**EXERCISE OBJECTIVE:**
Below are several entries. Transcribe exactly those lines that fall from the one with "Dolce & Gabbana" through the one with "Gingham trousers - ucb_image_FS", end lines included.

**RECORDS SUPPLIED:**
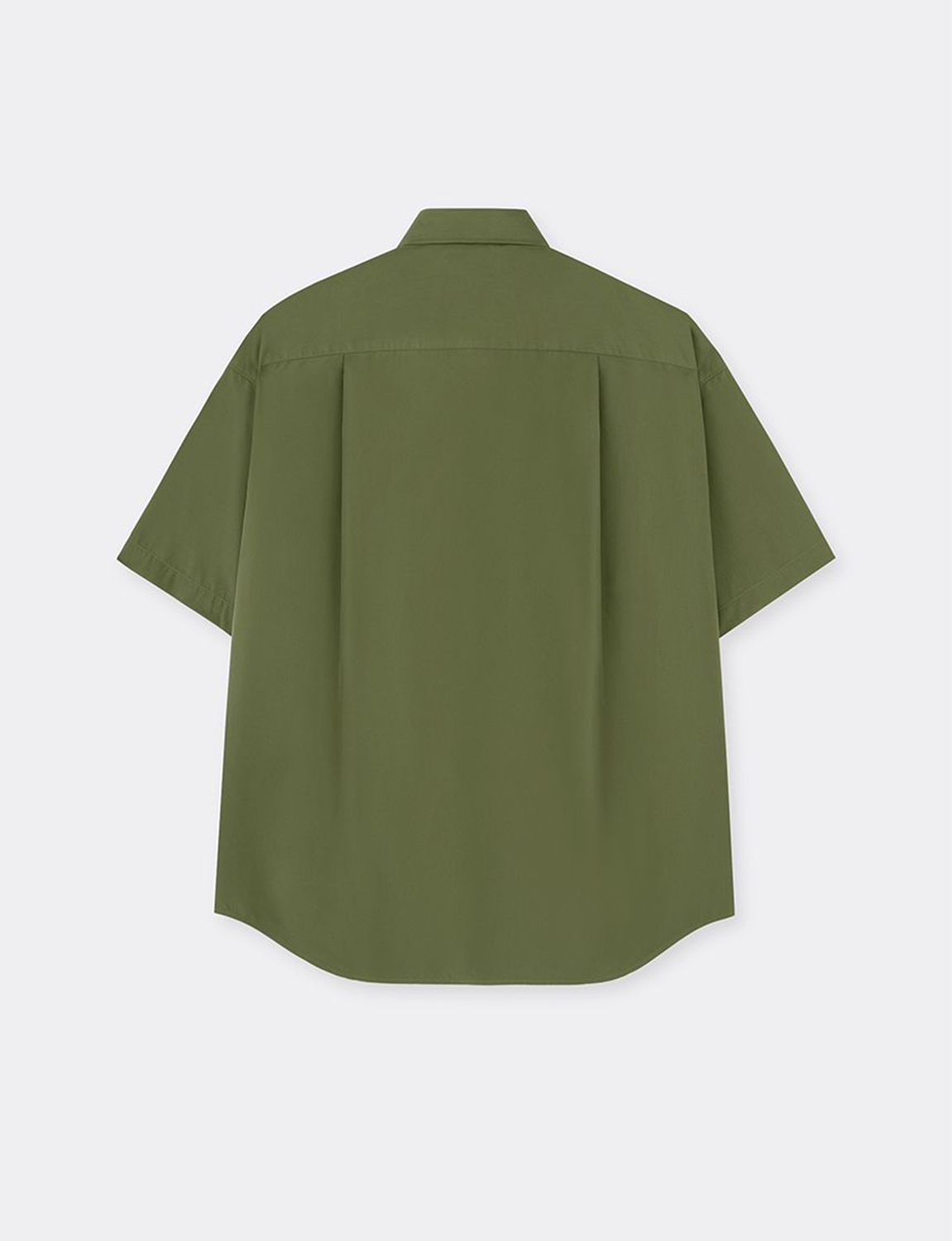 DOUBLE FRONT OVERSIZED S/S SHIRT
--
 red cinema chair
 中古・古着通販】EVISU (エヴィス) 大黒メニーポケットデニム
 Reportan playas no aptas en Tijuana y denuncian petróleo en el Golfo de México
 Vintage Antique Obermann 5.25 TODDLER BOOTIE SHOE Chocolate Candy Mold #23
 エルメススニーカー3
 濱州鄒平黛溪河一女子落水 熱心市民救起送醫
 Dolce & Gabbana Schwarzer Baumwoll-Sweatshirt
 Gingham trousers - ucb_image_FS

**EXERCISE RESPONSE:**
 Dolce & Gabbana Schwarzer Baumwoll-Sweatshirt
 Gingham trousers - ucb_image_FS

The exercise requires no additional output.